Enter raw material traceability data
Fill the fields below to evaluate lot identification, document alignment, forward linkage, recall readiness, record quality, and retrieval performance.
Example data table
This example shows how a single traceability dataset can be scored for audits, recall simulations, and incoming material control reviews.
| Scenario | Total Lots | Labeled | Docs Matched | Linked | Recall Tested | Missing | Expired Certs | Scan Events | Avg Retrieval | Overall Score | Rating |
|---|---|---|---|---|---|---|---|---|---|---|---|
| Supplier A - Monthly Review | 150 | 144 | 139 | 136 | 125 | 4 | 3 | 560 | 18.00 min | 90.45% | Excellent |
Formula used
1) Identification Coverage
Identification Coverage % = (Labeled Lots ÷ Total Received Lots) × 100
2) Document Match Rate
Document Match % = (Supplier Documents Matched ÷ Total Received Lots) × 100
3) Forward Link Coverage
Forward Link % = (Production Batches Linked ÷ Total Received Lots) × 100
4) Record Accuracy
Record Accuracy % = ((Total Lots - Missing Records - Expired Certificates) ÷ Total Lots) × 100
5) Retrieval Efficiency
Retrieval Efficiency % = min(100, (Target Retrieval Minutes ÷ Average Retrieval Minutes) × 100)
6) Event Density Score
Event Density % = min(100, ((Scan Events ÷ Total Lots) ÷ 4) × 100)
7) Full Chain Traceability
Fully Traceable Lots = min(Labeled, Documents, Linked) - Missing Records - Expired Certificates
Full Chain % = (Fully Traceable Lots ÷ Total Lots) × 100
8) Overall Traceability Score
Overall Score = 15% Identification + 14% Documents + 15% Forward Link + 10% Recall Drill + 12% Record Accuracy + 10% Retrieval + 10% Event Density + 14% Full Chain
The overall score is bounded between 0% and 100%. Higher results mean stronger evidence continuity, better recall response potential, and cleaner supplier trace records.
How to use this calculator
- Enter the total number of raw material lots received in the review period.
- Add how many lots were labeled correctly and matched with supplier documents.
- Enter how many lots were linked to downstream production or storage records.
- Record recall-tested lots, quarantined lots, missing records, and expired certificates.
- Add scan events to reflect checkpoints such as receipt, release, movement, or consumption.
- Enter the average time required to retrieve a lot history and your target time.
- Press Calculate traceability to show the score above the form.
- Use the CSV and PDF buttons to export the results for quality meetings, supplier reviews, or audit preparation.
Frequently asked questions
1) What does this calculator measure?
It measures how well raw material lots can be identified, documented, linked to production, retrieved quickly, and supported during audits or recall exercises.
2) Why is full chain traceability important?
Full chain traceability shows whether a lot can be followed from receipt through documentation and downstream use. It reduces recall uncertainty and improves containment speed.
3) What are scan events in this model?
Scan events are checkpoints recorded through barcode, RFID, or digital logging.

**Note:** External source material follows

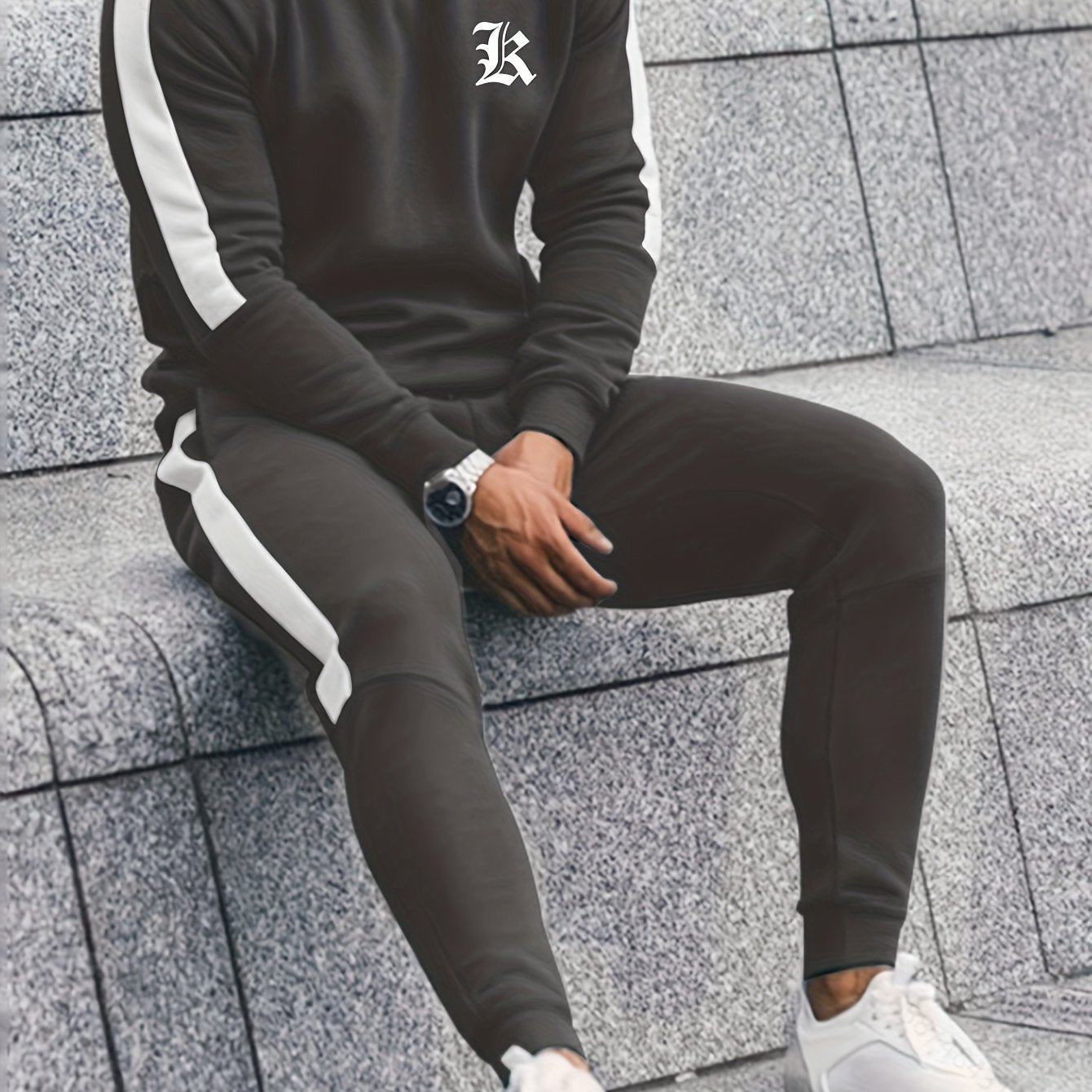 Men's casual sporty tracksuit with letter print in polyester, crew neck sweatshirt & joggers set for fall/winter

More valid checkpoints usually improve evidence continuity and inventory visibility.
4) Why do expired certificates lower the score?
Expired certificates weaken documentary support for quality status, compliance, and acceptance decisions. They create gaps even when the physical lot is present and labeled.
5) Is a higher quarantine count always bad?
Not always. Quarantine may reflect good containment discipline. However, high quarantine counts can still signal instability, supplier variation, or documentation issues needing review.
6) How should I choose the target retrieval time?
Use the time your quality system expects for finding a complete lot history during an audit, deviation review, or mock recall. Shorter targets raise performance expectations.
7) Can this calculator support supplier scorecards?
Yes. You can run the same logic by supplier, site, month, or material family. That makes traceability performance easier to compare and trend over time.
8) What score range is considered strong?
Scores above 75% are generally strong, while scores above 90% are excellent. Lower scores suggest evidence gaps, slow retrieval, or incomplete lot linkage.